Using the records that appear below, write out exactly the lines from the one with "Textured Lace Inset Pintuck Blouse" through the one with "Poster Dia Da", keeping both end lines.

## Data
----

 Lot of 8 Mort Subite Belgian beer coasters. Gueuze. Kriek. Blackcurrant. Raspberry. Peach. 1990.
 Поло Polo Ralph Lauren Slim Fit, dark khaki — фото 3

----

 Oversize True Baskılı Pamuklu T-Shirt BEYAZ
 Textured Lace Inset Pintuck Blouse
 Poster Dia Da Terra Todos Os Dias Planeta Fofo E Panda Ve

----

## Solution for this task
 Textured Lace Inset Pintuck Blouse
 Poster Dia Da Terra Todos Os Dias Planeta Fofo E Panda Ve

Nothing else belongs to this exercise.